Viúva há 15 anos, Judite sente orgulho de pertencer a uma das famílias que resistiu a toda luta para permanecer no Cafundó. "Houve muita briga por aqui. A gente ouvia tiro pra todo lado e até gente da mesma família brigava por causa de terra". Além da disputa pela área, ela ainda tinha que enfrentar a aridez do lugar. "Sempre trabalhei na roça. Era tudo muito custoso. Sabe que nem vi meus filhos crescerem. Quando me dei conta, já estavam grandes e ajudando na casa".

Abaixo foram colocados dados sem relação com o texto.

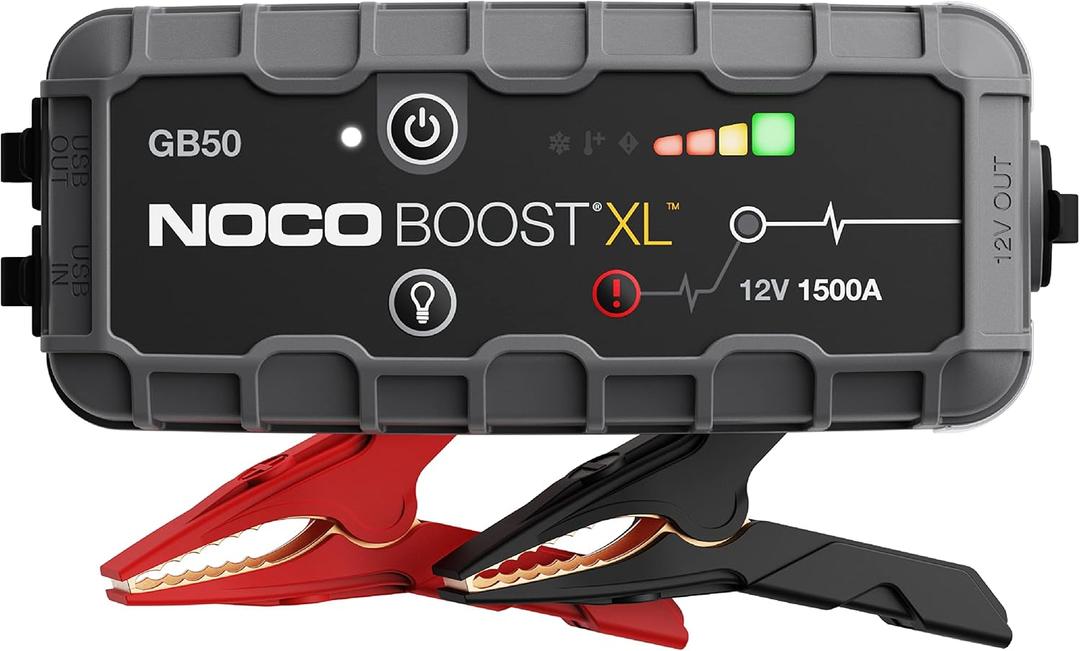 NOCO Boost GB50: 1500A UltraSafe Jump Starter  12V Lithium Battery Booster Pack, Portable Jump Box, Power Bank & Jumper Cables - for 7.0L Gas and 4.5L Diesel Engines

Quatro dos seus filhos já se mudaram do Cafundó, mas o restante permanece na comunidade criando seus próprios filhos. "Mesmo os que não moram mais aqui vêm todo fim de semana.". Judite nunca aprendeu a língua cupópia, mas o marido, que era neto de escravos, passou essa herança cultural para alguns dos filhos. "Isso aqui é a nossa vida. Valeu a pena ter criado minha família aqui e agora ver tudo o que conquistamos".
Rosimeire Silva
Libertação de escravo origina o quilombo
Fotos: Adriano Vincler - Outubro 2009 |
A comunidade ainda hoje vive da agricultura de subsistência e pequenas criações de animais. Recentemente passaram a cultivar produtos em estufas que são vendidos como fonte de renda para algumas famílias. (R.S.)